§ Work to be completed:
Of all the lines below, output only those starting at the one with "Bohemian Maxi Dress with V-Neck" and ending at the one with "Philippines Lapu-Lapu Family", both ends included, exactly as written.

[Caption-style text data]
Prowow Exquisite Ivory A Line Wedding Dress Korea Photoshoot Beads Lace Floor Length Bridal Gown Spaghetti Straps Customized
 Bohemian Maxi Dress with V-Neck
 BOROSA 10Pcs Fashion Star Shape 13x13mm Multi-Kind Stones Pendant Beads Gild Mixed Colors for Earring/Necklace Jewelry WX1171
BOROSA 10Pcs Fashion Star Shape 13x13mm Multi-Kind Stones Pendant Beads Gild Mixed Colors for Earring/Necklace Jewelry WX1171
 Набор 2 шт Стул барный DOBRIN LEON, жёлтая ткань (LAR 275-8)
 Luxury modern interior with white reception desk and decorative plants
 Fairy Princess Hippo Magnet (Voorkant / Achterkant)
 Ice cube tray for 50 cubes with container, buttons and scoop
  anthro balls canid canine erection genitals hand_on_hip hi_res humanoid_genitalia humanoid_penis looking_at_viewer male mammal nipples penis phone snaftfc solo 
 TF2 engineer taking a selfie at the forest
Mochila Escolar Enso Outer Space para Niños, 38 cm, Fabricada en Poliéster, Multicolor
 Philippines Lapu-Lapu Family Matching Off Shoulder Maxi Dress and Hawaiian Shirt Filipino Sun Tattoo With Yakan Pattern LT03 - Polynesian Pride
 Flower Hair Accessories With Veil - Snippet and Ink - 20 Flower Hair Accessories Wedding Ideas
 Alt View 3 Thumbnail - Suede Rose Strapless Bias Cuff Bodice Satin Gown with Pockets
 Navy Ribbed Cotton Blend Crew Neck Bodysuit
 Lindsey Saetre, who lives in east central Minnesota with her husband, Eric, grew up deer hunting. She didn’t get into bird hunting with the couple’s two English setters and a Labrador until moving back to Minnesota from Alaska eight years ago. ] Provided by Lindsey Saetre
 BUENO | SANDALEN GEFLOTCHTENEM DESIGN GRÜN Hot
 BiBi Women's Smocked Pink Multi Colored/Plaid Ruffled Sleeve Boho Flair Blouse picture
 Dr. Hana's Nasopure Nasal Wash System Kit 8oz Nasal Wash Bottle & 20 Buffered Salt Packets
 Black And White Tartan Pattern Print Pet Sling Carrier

§ Solution for this task:
 Bohemian Maxi Dress with V-Neck
 BOROSA 10Pcs Fashion Star Shape 13x13mm Multi-Kind Stones Pendant Beads Gild Mixed Colors for Earring/Necklace Jewelry WX1171
BOROSA 10Pcs Fashion Star Shape 13x13mm Multi-Kind Stones Pendant Beads Gild Mixed Colors for Earring/Necklace Jewelry WX1171
 Набор 2 шт Стул барный DOBRIN LEON, жёлтая ткань (LAR 275-8)
 Luxury modern interior with white reception desk and decorative plants
 Fairy Princess Hippo Magnet (Voorkant / Achterkant)
 Ice cube tray for 50 cubes with container, buttons and scoop
  anthro balls canid canine erection genitals hand_on_hip hi_res humanoid_genitalia humanoid_penis looking_at_viewer male mammal nipples penis phone snaftfc solo 
 TF2 engineer taking a selfie at the forest
Mochila Escolar Enso Outer Space para Niños, 38 cm, Fabricada en Poliéster, Multicolor
 Philippines Lapu-Lapu Family Matching Off Shoulder Maxi Dress and Hawaiian Shirt Filipino Sun Tattoo With Yakan Pattern LT03 - Polynesian Pride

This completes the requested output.